In deze zaak, die voor het Gerechtshof 's-Hertogenbosch diende, gaat het om een hoger beroep van MAG 45 B.V. (hierna: MRO-nieuw) tegen een eerdere uitspraak van de rechtbank Roermond. MRO-nieuw vordert betaling van een bedrag van € 19.753,68 van [geïntimeerde], die goederen had besteld bij de failliete MRO Industries Nederland B.V. (MRO-oud). De rechtszaak is gestart na een dagvaarding op 7 augustus 2012, en betreft een koopovereenkomst die volgens MRO-nieuw tot stand zou zijn gekomen na het faillissement van MRO-oud. De rechtbank had eerder geoordeeld dat MRO-nieuw niet in het bewijs was geslaagd dat er een koopovereenkomst was gesloten met [geïntimeerde].
Het hof heeft de procedure beoordeeld en vastgesteld dat MRO-nieuw bewijs moet leveren van de stelling dat er een koopovereenkomst tot stand is gekomen. Het hof heeft de grieven van MRO-nieuw tegen de eerdere afwijzing van de vordering gezamenlijk behandeld. MRO-nieuw heeft aangevoerd dat er overleg is geweest met [geïntimeerde] en dat er een nieuwe koopovereenkomst is ontstaan. Het hof heeft MRO-nieuw toegelaten tot bewijslevering, waarbij getuigen zullen worden gehoord. De zaak is verwezen naar de rol voor opgave van het aantal getuigen en verhinderdata.

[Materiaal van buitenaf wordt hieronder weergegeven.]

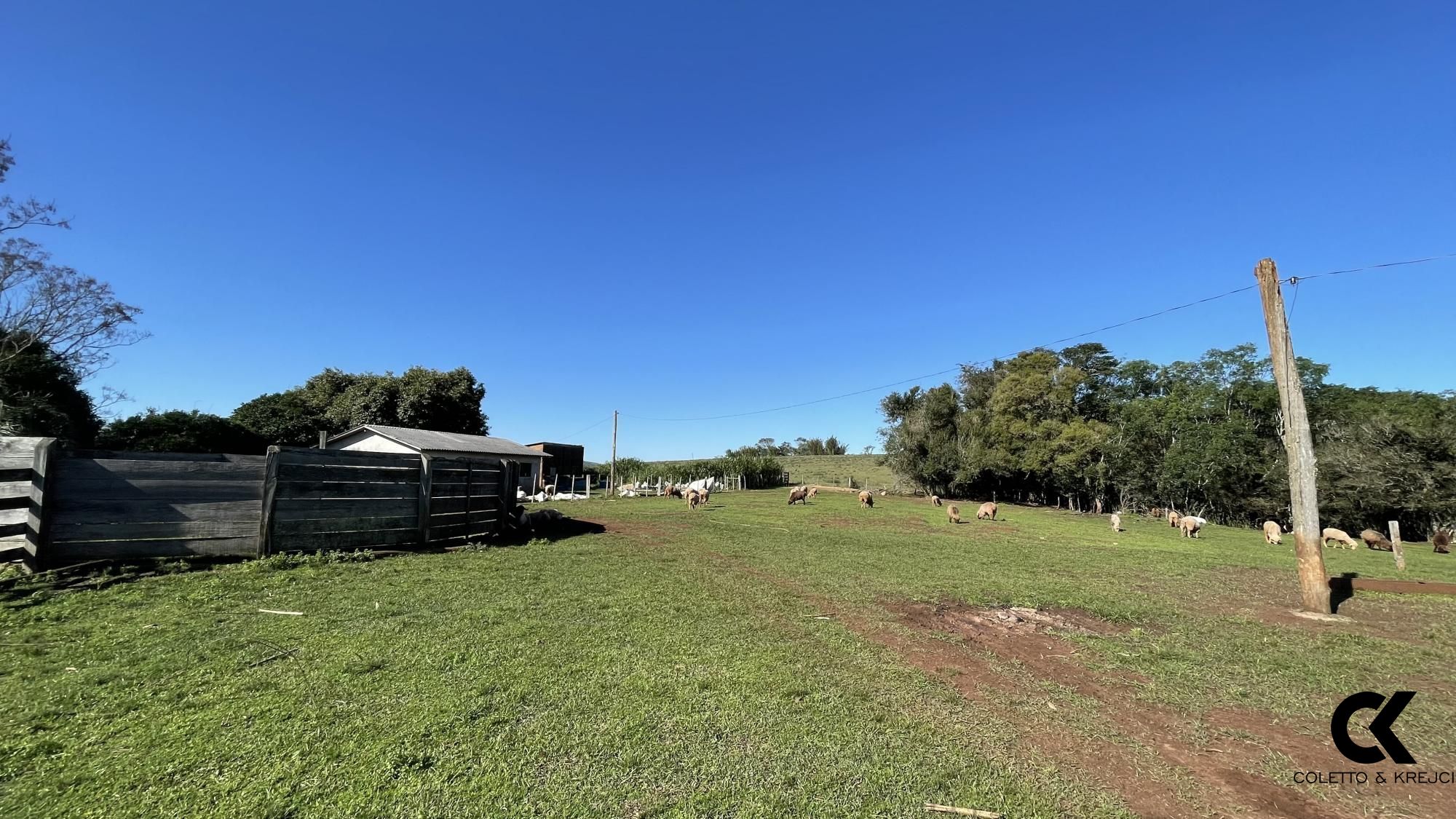 Loteamento e Condomínio à venda, 229000m² - Foto 26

De uitspraak van het hof houdt in dat MRO-nieuw de gelegenheid krijgt om feiten en omstandigheden te bewijzen die de conclusie rechtvaardigen dat er een koopovereenkomst is gesloten en dat de gefactureerde goederen zijn geleverd. Het hof heeft de verdere beslissing aangehouden en zal na de bewijslevering oordelen over de vordering van MRO-nieuw.